A Rebuttal to the Science Paper that Claims the Human Nose Can Detect 1 Trillion Different Odors
Adam Rifkin stashed this in Smells!
But if you feel like your nose can’t detect a trillion smells, you may be on to something. It’s possible that none of us can.
As a Caltech researcher pointed out last fall, and a new Arizona State University paper asserts today, the data collected in last’s year odiferous study does not support this radical claim. Rather, the researchers’ interpretation of their data — and the massive figure they came to —seem to be the result of flawed mathematical logic. And that’s a big problem, because the one trillion odor estimate is already making its way into neuroscience textbooks, misinforming students, researchers, and the public.
“We disagree with several aspects of the 2014 study,” said Rick Gerkin of Arizona State University, who, along with Jason Castro of Bates College, authored a rebuttal paper that appears today in the journal eLife. “First, the assertion that humans can discriminate between at least one trillion odors is based on a fragile mathematical framework — one that’s capable of creating nearly any result with small variations in the data or the experiment design. So the result in question could be tens of orders of magnitude — a factor of one with dozens of zeros after it — larger or smaller than first reported.”

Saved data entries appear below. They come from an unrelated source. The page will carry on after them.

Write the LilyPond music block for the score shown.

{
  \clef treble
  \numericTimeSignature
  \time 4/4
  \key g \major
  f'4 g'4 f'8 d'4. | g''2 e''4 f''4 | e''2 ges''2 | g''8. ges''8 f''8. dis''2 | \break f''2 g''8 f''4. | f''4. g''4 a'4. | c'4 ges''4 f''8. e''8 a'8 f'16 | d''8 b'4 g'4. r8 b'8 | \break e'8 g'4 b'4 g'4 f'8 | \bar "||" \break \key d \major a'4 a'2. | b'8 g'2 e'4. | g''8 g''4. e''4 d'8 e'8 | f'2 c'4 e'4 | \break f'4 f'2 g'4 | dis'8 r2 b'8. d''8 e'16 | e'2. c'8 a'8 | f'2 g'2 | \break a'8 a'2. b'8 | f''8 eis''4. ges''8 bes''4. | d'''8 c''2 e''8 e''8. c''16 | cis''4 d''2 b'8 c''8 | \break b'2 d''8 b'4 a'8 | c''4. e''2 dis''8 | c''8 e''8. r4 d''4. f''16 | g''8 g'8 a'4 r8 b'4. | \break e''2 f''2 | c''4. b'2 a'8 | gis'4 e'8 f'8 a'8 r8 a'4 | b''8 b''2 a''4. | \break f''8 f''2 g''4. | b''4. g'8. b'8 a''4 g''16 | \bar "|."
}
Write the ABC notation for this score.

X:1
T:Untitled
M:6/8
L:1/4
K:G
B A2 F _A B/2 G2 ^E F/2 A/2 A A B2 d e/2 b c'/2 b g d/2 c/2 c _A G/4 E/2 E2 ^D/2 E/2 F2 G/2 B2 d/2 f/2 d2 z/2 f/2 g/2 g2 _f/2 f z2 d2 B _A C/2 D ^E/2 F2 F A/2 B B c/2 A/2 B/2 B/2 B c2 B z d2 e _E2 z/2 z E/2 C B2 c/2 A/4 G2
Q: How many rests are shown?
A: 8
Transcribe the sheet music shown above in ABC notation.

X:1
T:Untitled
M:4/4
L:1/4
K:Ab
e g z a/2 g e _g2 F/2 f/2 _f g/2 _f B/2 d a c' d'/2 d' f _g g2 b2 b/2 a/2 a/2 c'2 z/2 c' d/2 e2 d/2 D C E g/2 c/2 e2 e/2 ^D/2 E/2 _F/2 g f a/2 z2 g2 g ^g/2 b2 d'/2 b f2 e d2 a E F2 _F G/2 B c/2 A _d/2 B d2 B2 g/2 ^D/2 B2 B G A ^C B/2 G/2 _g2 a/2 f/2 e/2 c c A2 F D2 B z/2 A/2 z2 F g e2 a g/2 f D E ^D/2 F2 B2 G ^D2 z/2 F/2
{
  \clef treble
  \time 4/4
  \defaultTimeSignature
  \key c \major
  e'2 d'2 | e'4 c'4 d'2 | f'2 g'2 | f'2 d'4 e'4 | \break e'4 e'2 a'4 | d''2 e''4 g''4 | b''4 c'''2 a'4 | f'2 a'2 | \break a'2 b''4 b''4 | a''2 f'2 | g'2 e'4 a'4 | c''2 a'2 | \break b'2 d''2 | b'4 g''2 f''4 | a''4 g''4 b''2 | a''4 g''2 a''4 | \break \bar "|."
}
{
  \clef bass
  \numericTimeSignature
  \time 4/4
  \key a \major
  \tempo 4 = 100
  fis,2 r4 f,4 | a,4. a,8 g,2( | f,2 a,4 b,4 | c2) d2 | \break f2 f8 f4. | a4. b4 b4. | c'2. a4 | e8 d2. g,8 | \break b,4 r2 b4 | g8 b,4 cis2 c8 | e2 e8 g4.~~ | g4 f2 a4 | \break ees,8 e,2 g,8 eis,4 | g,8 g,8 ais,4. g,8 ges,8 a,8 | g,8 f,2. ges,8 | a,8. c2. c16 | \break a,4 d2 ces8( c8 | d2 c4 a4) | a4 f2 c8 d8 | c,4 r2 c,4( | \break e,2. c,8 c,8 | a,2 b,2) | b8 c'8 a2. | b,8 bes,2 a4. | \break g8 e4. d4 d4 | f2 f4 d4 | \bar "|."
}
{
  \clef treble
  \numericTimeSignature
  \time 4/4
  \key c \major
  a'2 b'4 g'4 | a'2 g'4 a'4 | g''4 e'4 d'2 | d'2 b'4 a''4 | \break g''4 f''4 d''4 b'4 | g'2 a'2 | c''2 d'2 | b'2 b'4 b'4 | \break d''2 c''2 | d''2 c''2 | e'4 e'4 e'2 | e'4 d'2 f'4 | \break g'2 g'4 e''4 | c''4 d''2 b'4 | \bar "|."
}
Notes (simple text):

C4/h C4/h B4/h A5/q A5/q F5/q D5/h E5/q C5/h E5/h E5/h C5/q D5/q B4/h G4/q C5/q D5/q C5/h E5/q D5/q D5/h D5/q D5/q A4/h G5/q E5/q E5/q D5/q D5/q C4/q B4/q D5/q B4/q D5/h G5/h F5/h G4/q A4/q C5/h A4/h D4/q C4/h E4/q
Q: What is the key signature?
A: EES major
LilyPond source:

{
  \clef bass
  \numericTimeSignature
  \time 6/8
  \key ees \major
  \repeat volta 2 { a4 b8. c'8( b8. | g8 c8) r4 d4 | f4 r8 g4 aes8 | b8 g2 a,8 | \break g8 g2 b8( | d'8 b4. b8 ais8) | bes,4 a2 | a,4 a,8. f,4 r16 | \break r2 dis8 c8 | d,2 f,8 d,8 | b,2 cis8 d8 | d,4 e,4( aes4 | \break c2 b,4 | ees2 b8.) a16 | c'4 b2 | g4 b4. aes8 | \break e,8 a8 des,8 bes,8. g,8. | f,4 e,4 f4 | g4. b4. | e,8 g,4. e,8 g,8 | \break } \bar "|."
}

Which is to say, based on the Science paper’s own reasoning, the correct number of odors the human nose can distinguish could be as few as ten — or it could be many, many times more than there are galaxies in the observable universe.
Where They Went Wrong:
If humans can indeed detect one trillion different smells, it would (somewhat confusingly) make the human nose far and away our most sensitive sensory organ. But the rebuttal paper published today argues that the approach used to reach the one trillion figure is mathematically unsound, because the answer you get depends steeply on parameters of the experiment:
Had the experiment enlisted ∼ 100 additional subjects similar to the original ones, the same analysis would have concluded that all possible stimuli are discriminable (i.e., that each of the more than 1029 olfactory stimuli possible in their framework are mutually discriminable). By contrast, if the same experimental data were analyzed using moderately more conservative statistical criteria, it would have concluded that there are fewer than 5000 discriminable olfactory stimuli—no larger than the folk wisdom value that the new estimate purports to replace.
Precise numbers often change when more subjects are enrolled in an experiment, but as Gerkin and Castro point out, they shouldn’t change in expectation — that is, if your estimate can swing wildly in either direction when you add more data, that’s a big red flag. By re-analyzing theScience paper’s own data using the very same methods, but varying the parameters—things like the number of mixture pairs, the number of subjects, and the threshold for statistical significance—Gerkin and Castro shows that the correct number of smells the human nose can distinguish could be as few as 4,500 or as many as 10^29. Clearly, something is very wrong.
If only all of life were as easy as "take a small sample, multiply it by a large number, and then estimate!"